As others have suggested, you really should have consulted with an attorney before you moved out. At this point, moving back in, cutting off the support- with a court date looming- will only make you look bad to the courts. Of course she will tell the courts you have been living separate and apart, and you only just moved in right before the court date. In that respect, your fate is sealed. 

See an attorney, and find a good one. Expect them to shake their heads when you tell them about your own self imposed exile and support payments. 

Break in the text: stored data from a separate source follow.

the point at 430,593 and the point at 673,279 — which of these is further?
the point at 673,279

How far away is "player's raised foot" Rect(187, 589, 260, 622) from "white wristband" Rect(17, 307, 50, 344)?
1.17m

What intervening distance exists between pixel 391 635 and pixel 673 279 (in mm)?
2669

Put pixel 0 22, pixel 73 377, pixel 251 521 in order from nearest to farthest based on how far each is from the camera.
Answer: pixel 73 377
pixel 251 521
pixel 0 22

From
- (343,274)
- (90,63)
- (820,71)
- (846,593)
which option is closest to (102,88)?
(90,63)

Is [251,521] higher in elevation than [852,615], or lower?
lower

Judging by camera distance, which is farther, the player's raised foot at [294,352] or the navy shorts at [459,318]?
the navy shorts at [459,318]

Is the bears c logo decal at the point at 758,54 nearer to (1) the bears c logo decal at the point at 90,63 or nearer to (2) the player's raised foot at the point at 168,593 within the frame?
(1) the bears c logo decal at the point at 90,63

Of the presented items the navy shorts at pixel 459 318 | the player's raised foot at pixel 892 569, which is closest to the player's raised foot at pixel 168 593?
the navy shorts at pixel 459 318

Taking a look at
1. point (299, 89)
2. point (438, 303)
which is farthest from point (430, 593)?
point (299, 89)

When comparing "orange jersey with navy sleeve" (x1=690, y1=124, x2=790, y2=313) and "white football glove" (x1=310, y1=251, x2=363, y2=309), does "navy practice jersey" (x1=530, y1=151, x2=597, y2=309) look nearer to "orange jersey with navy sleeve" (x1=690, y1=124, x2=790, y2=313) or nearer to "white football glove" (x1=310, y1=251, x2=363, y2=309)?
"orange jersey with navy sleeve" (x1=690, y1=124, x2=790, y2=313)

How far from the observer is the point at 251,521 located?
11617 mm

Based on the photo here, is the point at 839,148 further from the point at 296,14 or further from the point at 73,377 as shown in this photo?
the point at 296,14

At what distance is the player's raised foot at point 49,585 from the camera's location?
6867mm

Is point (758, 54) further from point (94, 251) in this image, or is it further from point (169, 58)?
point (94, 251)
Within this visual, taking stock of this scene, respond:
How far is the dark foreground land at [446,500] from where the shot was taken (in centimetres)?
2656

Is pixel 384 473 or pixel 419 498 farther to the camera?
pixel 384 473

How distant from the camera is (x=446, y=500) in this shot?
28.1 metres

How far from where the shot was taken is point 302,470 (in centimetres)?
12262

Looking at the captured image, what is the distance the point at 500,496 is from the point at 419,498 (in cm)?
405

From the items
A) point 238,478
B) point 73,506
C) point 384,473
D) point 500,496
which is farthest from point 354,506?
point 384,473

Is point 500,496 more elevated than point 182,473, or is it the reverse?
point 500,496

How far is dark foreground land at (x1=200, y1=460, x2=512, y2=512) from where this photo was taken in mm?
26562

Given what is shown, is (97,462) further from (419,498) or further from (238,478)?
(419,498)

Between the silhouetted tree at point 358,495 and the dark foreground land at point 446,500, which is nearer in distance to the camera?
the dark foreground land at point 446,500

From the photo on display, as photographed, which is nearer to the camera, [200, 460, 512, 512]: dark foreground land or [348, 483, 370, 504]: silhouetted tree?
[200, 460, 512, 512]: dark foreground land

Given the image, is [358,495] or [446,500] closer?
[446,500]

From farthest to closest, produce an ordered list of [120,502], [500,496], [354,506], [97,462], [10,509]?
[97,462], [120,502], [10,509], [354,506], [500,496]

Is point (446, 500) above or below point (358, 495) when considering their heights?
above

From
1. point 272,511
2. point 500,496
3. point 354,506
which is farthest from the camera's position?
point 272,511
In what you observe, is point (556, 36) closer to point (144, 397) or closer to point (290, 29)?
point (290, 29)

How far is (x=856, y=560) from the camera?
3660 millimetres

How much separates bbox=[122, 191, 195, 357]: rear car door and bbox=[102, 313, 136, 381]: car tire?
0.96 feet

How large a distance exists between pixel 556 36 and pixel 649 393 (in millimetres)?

A good attorney will probably tell your wife not to go job hunting anytime soon because if she starts working it will decrease her support award. She will likely try to make a case that she was a devoted, loving wife but you left her and the children and filed for divorce so you could live the exciting single life and/or imply that you've got someone else on the side, even if she has not one shred of proof. That's how it works.


----------



## smallsteps (Feb 23, 2013)

Alimony formula in NJ:

Husband's pay - wife's pay OR earning potential (base is 20,000 for a high school graduate) \ 1/3 = total alimony payment.

Lifetime alimony is standard if they are married over ten years.

The judge will force her to get a full time job, part time won't be accepted.

Support is based on percentage until the child finishes college.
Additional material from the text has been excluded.